| Task prompt |
Take the lines below from the one with "Cozinha Compacta 1" through the one with "2pcs Large Pad" and print only them, exactly. Don't print the pictures.

| Exercise input |
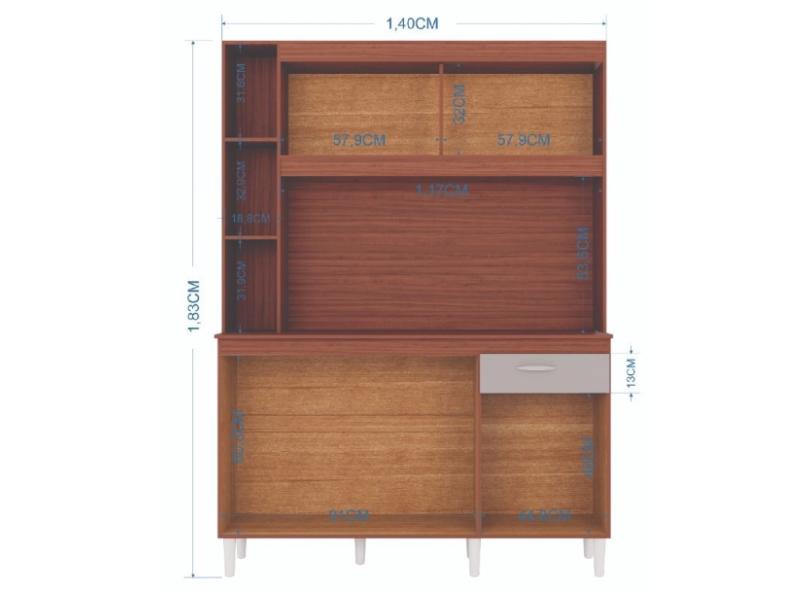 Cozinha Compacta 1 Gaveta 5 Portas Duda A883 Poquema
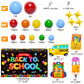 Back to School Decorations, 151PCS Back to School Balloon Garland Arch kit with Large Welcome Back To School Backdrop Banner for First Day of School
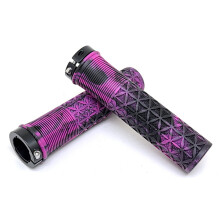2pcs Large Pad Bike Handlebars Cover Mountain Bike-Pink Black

* * *

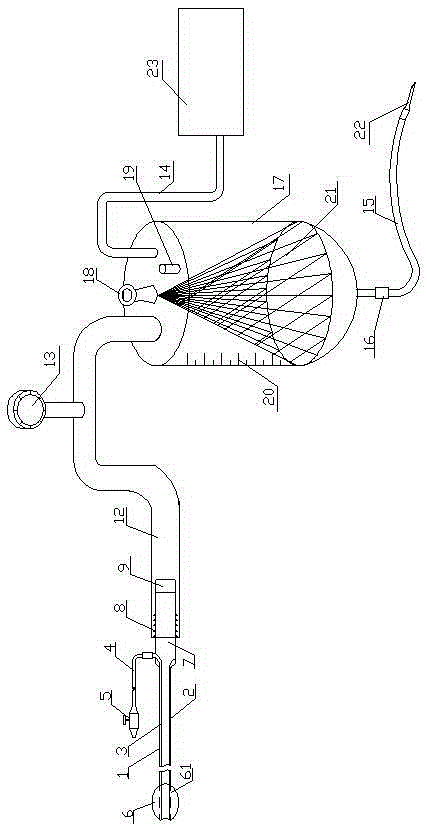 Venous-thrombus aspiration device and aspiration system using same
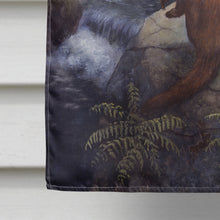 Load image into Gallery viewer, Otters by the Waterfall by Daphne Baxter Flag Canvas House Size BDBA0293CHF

| Answer below |
 Cozinha Compacta 1 Gaveta 5 Portas Duda A883 Poquema
 Back to School Decorations, 151PCS Back to School Balloon Garland Arch kit with Large Welcome Back To School Backdrop Banner for First Day of School
2pcs Large Pad Bike Handlebars Cover Mountain Bike-Pink Black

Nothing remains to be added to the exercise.